Re: [Haskell] Lazy IO breaks purity

Lennart Augustsson wrote:
I don't see any breaking of referential transparence in your code. Every time you do an IO operation the result is basically non-deterministic since you are talking to the outside world. You're assuming the IO has some kind of semantics that Haskell makes no promises about.
I'm not saying that this isn't a problem, because it is. But it doesn't break referential transparency, it just makes the semantics of IO even more complicated.
(I don't have a formal proof that unsafeInterleaveIO cannot break RT, but I've not seen an example where it does yet.)
So the argument is something like: we can think of the result of a call to unsafeInterleaveIO as having been chosen at the time we called unsafeInterleaveIO, rather than when its result is actually evaluated. This is on dodgy ground, IMO: either you admit that the IO monad contains an Oracle, or you admit it can time-travel. I don't believe in either of those things :-) Cheers, Simon
-- Lennart
On Thu, Mar 5, 2009 at 2:12 AM,
wrote: We demonstrate how lazy IO breaks referential transparency. A pure function of the type Int->Int->Int gives different integers depending on the order of evaluation of its arguments. Our Haskell98 code uses nothing but the standard input. We conclude that extolling the purity of Haskell and advertising lazy IO is inconsistent.
Henning Thielemann wrote on Haskell-Cafe:
Say I have a chain of functions: read a file, ... write that to a file, all of these functions are written in a lazy way, which is currently considered good style Lazy IO should not be considered good style. One of the common definitions of purity is that pure expressions should evaluate to the same results regardless of evaluation order, or that equals can be substituted for equals. If an expression of the type Int evaluates to 1, we should be able to replace every occurrence of the expression with 1 without changing the results and other observables.

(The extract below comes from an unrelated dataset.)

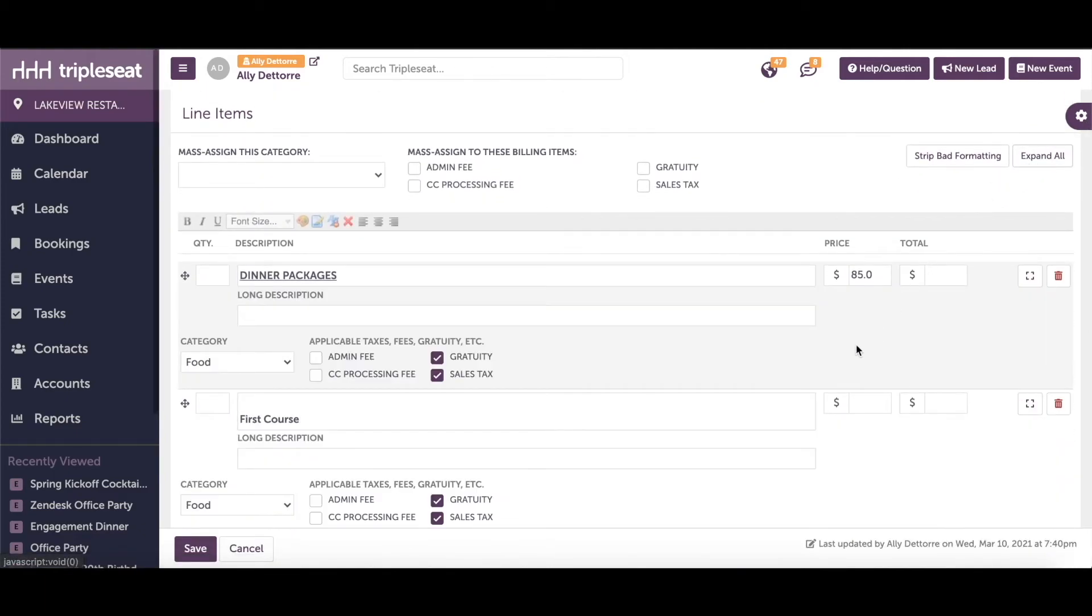Here you can see this existing food pick list has a sales tax and a gratuity applied to it. Although we updated food to include admin fee in the category settings, this will not automatically update existing pick lists.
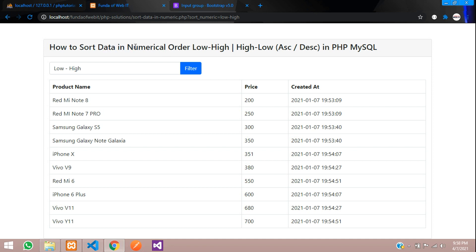We have successfully completed how to sort the data in numerical order, which is high to low or low to high, in ascending or descending in PHP MySQL. Thank you for watching this video, please subscribe, like, and share.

The expression (read s) where s is the result of the (hGetContents h1) action has the pure type, e.g., Int. Yet its evaluation does more than just producing an integer: it may also close a file associated with the handle h1. Closing the file has an observable effect: the file descriptor, which is a scarce resource, is freed. Some OS lock the open file, or prevent operations such as renaming and deletion on the open file. A file system whose file is open cannot be unmounted. Suppose I use an Haskell application such as an editor to process data from a removable drive. I mount the drive, tell the application the file name. The (still running) application finished with the file and displayed the result. And yet I can't unplug the removable drive, because it turns out that the final result was produced without needing to read all the data from the file, and the file remains unclosed.
Some people say: the programmer should have used seq. That is the admission of guilt! An expression (read s)::Int that evaluates to 1 is equal to 1. So, one should be able substitute (read s) with 1. If the result of evaluating 1 turns out not needed for the final outcome, then not evaluating (read s) should not affect the outcome. And yet it does. One uses seq to force evaluation of an expression even if the result may be unused. Thus the expression of a pure type has *side-effect*.
The advice about using seq reminds me of advice given to C programmers that they should not free a malloc'ed pointer twice, dereference a zero pointer and write past the boundary of an array. If lazy IO is considered good style given the proper use of seq, then C should be considered safe given the proper use of pointers and arrays.
Side affects like closing a file are observable in the external world. A program may observe these effects, in an IO monad. One can argue there are no guarantees at all about what happens in the IO monad. Can side-effects of lazy IO be observable in _pure_ Haskell code, in functions with pure type? Yes, they can. The examples are depressingly easy to write, once one realizes that reading does have side effects, POSIX provides for file descriptor aliasing, and sharing becomes observable with side effects. Here is a simple Haskell98 code.
{- Haskell98! -}
module Main where
import System.IO import System.Posix.IO (fdToHandle, stdInput)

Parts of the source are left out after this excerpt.